The hope is that the tech leads to earlier diagnosis and treatment of the condition.
Cytovale today announced a $15 million financing for its sepsis-detecting technology for use in the emergency department.
The medical technology company uses machine learning and cell mechanics to change diagnostics and detect conditions earlier. Its diagnostic is designed to measure immune cell activity associated with dysregulated host response in sepsis in less than 10 minutes.
Sepsis is a life-threatening condition that can quickly and suddenly overwhelm the body and result in septic shock and death, Ajay Shah, Ph.D., co-founder and CEO of Cytovale, said. But early detection could lead to timely and accurate triage in the emergency department. Early treatment is critical to survive.
“Cytovale’s team is well-positioned to deliver on the promise of its technology to provide doctors with critical information that can reduce the global health burdens of sepsis,” said Lindy Fishburne, managing partner at Breakout Ventures, an existing investor that co-led the $7.4 million extension of Series B funding.

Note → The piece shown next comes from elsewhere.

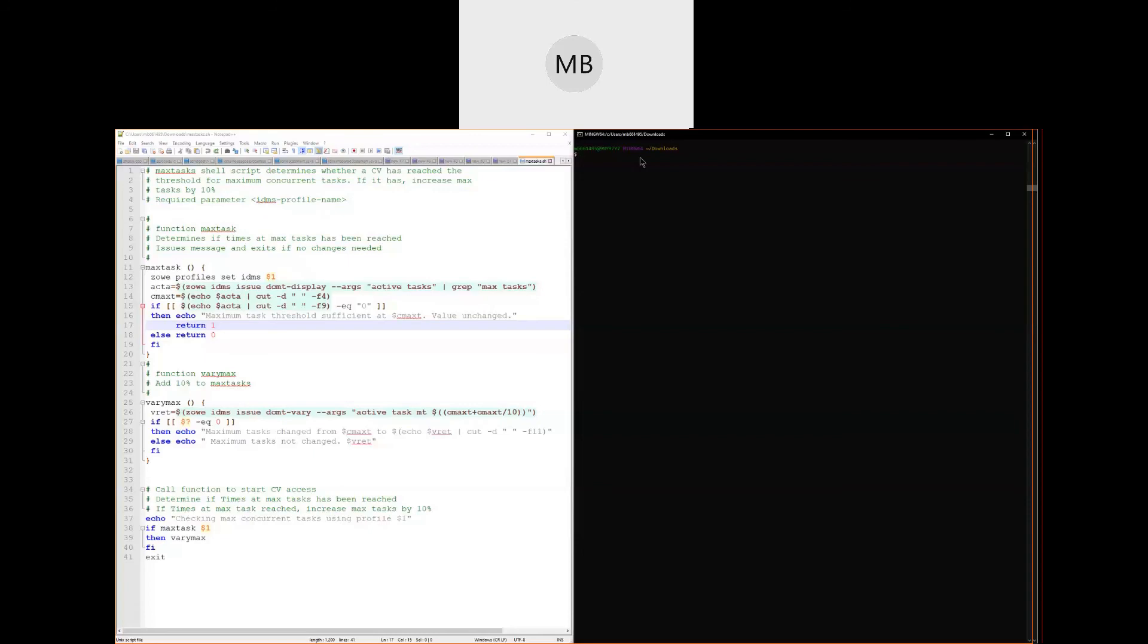Let's try running this script against a local CV. In the bash shell, on the right hand side of my screen, I'll run the script from its directory by typing ./max-tasks.sh and then the name of the profile that I would wish to run against. And we see from the response that the system is below the threshold and max tasks are unchanged.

Sepsis is a leading cause of death in U.S. hospitals and current approaches make is difficult for providers to diagnose a patient early in their journey. This leads to a depletion of emergency department resources and delayed care to those who need it most.
Cytovale will use the funds to conduct clinical studies to get the technology cleared for regulatory use.
Technology can play a big role in detecting sepsis early, which is why other players in healthcare have also focused on this area.
Last month, Geisinger and IBM created a machine-learning model to detect sepsis and make a challenging diagnosis potentially easier.
“If we can identify patients more quickly and more accurately, we can administer the right treatments early and increase the chances of a positive outcome,” said Donna Wolk, Ph.D., director of the molecular and microbial diagnostics and development division at Geisinger.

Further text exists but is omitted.